奈義町の怨念桜
怨念桜とは
奈義町の陸上自衛隊日本原演習場に呪いの桜、怨念桜と呼ばれる桜があります。
この桜には禍々しい言い伝えがあります。
かつてこの地で大根を洗っている農家がありました。
そこを通りがかった僧侶が大根を分けてもらうように頼んだ所、家の下男は土がついたままの大根を渡しました。
僧侶が「この辺りでは泥がついたままの大根を食べるのか」と不平を述べた所、下男は怒って僧侶を殺してしまいました。
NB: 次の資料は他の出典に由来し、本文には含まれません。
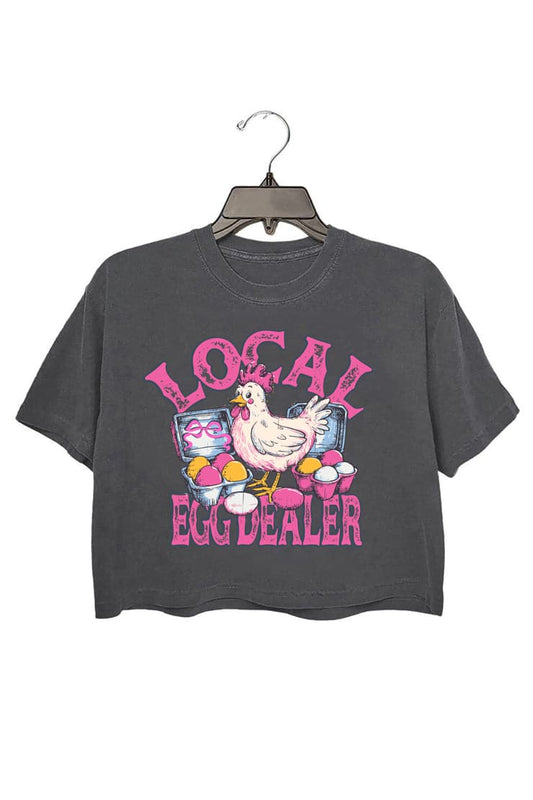Local Egg Dealer Crop Top For Women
その場には供養の為に墓石が置かれましたが、この石に触れると祟りがあると言われ、恐れられていました。
現在、墓石は残されていませんが、同じ場所に桜の木が生えました。
そしてこの桜は墓石と同じように、切り倒そうとするとなにか悪いことが起こると伝えられています。
弘法大師の伝説…
この怪談話を聞いて弘法大師を思い出した人は多いのではないでしょうか。
怨念桜に出てくる土のついた大根のエピソードは弘法大師空海の偉大さを伝えるエピソードとして残されています。
大まかな部分は同じで、空海が農家に大根を所望すると土のついた大根を渡されて憤慨します。
地域によってはその事で農家の人に怒られて石を投げられて負傷するという内容が伝わっていますが、空海が死ぬことは有りません。
空海は土がついたまま大根を食べるなら川は要らないだろうと、川を干上がらせてしまった…というように続きます。全国の水無川によく伝わる民話です。
奈義の怨念桜はこの伝承がどこかで変化したのではないでしょうか。